Unofficially to many Mexican soccer fans, it was known as the stadium of the automatic win, especially when it came to World Cup qualifying.
“The stadium was pretty tremendous,” Roy said. “One thing I have to say about the Mexican fans, they are very noisy and playing at the high altitude it was a huge advantage for the Mexican National Team. In those days, it wasn’t like we went in three or four days ahead of time of a week ahead of time to get acclimated. The federation did not have a major budget in those days. We were kind of went like semi pros instead, playing against professionals.”
Roy, who scored nine goals in 20 internationals matches — an amazing strike rate in a era when the National Team played but a handful of games a year — made his U.S. debut at Estadio Olympico in Mexico City in 1965, a year before Azteca opened.
He remembered putting the ball into the back of the Mexican net twice, but both tallies were disallowed by suspicious officiating calls in what turned into a 2-0 loss on March 12, 1965.
“Even now I don’t know why they were disallowed,” Roy said. “One I had a breakaway all the way from the middle and after I scored he blew the whistle that I supposedly was offside. I don’t think you would let anyone run 50 meters or 60 yards and then call him offside.”
In those days, the federation did not have the sponsorship or financial clout it has today, so everything was done a shoestring.
Instead of holding a training camp before an important game, the players would meet at an airport, sometimes greeting their teammates for the very first time, fly into a city for a game, hold one or two practices an play the game (“You basically didn’t know what your teammates looked like,” Roy said. “The next time you went, you might have a totally different team.”)
In an altitude-challenged city, it necessarily wasn’t the best of strategies, especially against a talented and crafty side such as Mexico.
“I remember they had an outstanding goalkeeper, Antonio Carbajal, he played in five World Cups,” Roy said. “They had an outstanding team. Maybe the Mexico League isn’t like the Premier League in England or Bundesliga or La La Liga in Spain, it does help when you organize and you have players you see all the time and the type of system you play.”
At that time, the U.S. system was a mish-mosh of varying styles from South America, Germany, England and other European countries. “It took some getting used to,” Roy said.
From 1965 through 1980, the U.S. went through 11 national coaches, so it was difficult establishing continuity and trying to create some sort of national team style.
Roy remembered a tour of Bermuda when George Meyer was coach and but Geza Henni acted as though he ran the team.
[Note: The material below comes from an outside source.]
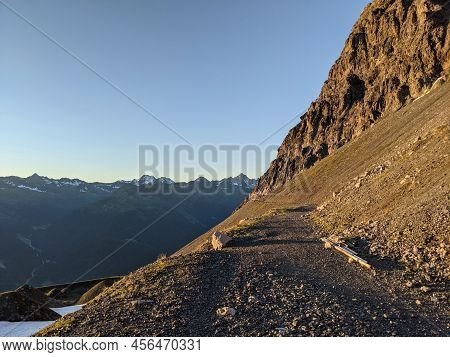 Enduro Bike Trail At Parsenn Davos Klosters Mountain Earliy Morning. Great Trail Next To Mountain Wi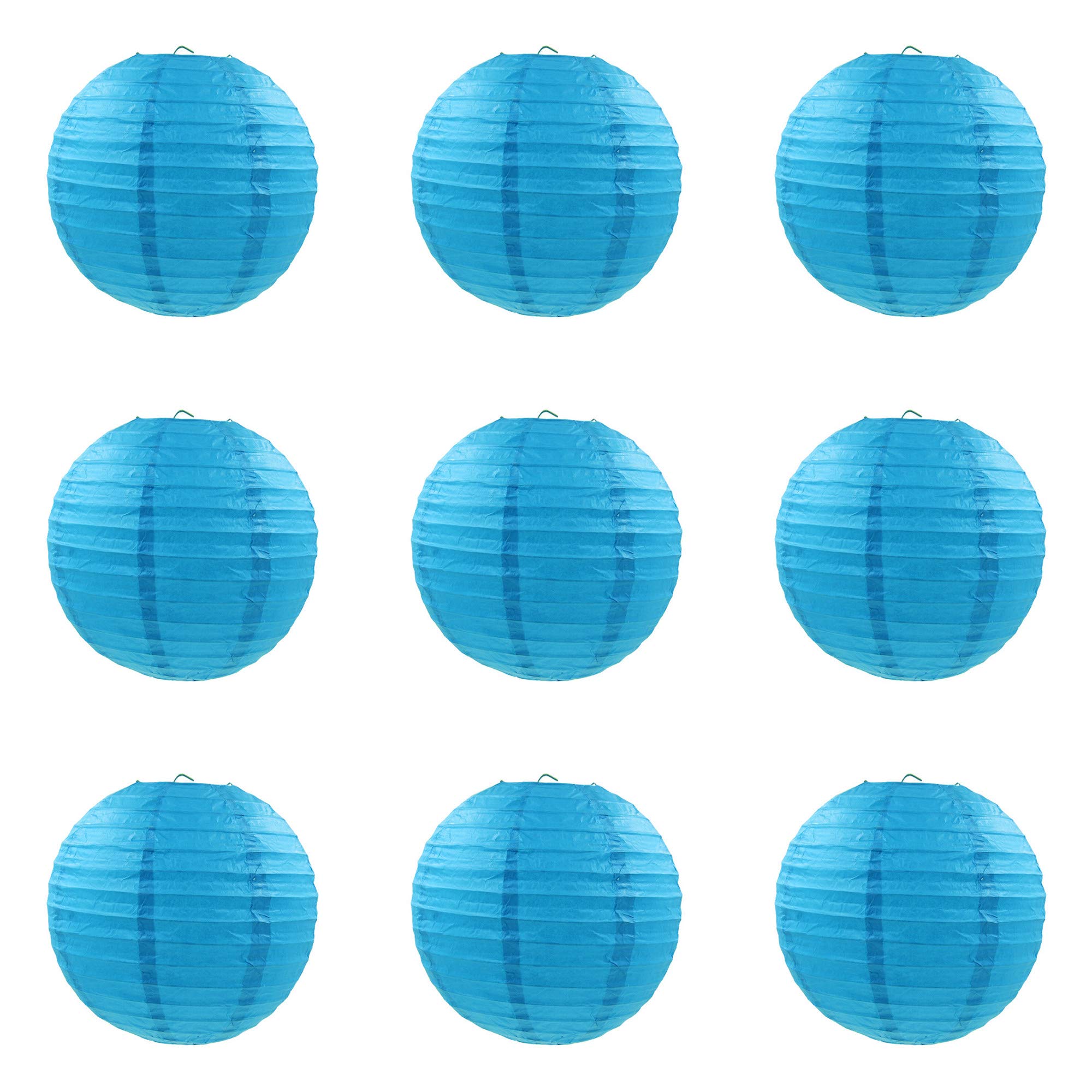 ACVIP Chinese Paper Lantern Lampshade Home Party Wedding Decor, Pack of 9 (4", Blue)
“They actually forgot to tell either one of them who the head coach was,” he said. “It was kind of laughable at the situation.”
Players sometimes discovered they were playing two or three weeks before a match.
“It would be different if you always had the same team playing,” Roy said. “But we had different players, so there was a lot of changes going on. We played an exhibition game in Cleveland against a Hungarian team and the coach asked me if I could call a couple of players in Chicago because we had so many injuries. I got on the phone, called a couple of guys and they came, sat on the bench so we could have backup. Some of the stuff, you can’t even tell people that these days.”
Seven years later on Sept. 3, 1972, Roy became the first American to score at Azteca, heading home a feed in the 78th minute. By then, Mexico had scored all of its goals en route to a 3-1 win. The loss eliminated the U.S. from qualifying.
“It was a nice cross,” Roy said. “I was pretty good at heading the ball, but we ended up losing 3-1, so that was not a good feeling.”
The Mexican match was the middle of a three-game span over 13 days in which Roy tallied qualifying goals. He scored in a 2-2 draw with Canada on Aug. 29 and again vs. El Tri in a 2-1 loss in Los Angeles on Sept. 10. That standard lasted until 2000, when Cobi Jones tallied in three successive qualifiers.
Roy admitted he didn’t realize he had set a record.
“It never really dawned on me,” Roy said. “I didn’t really keep track of that at all.”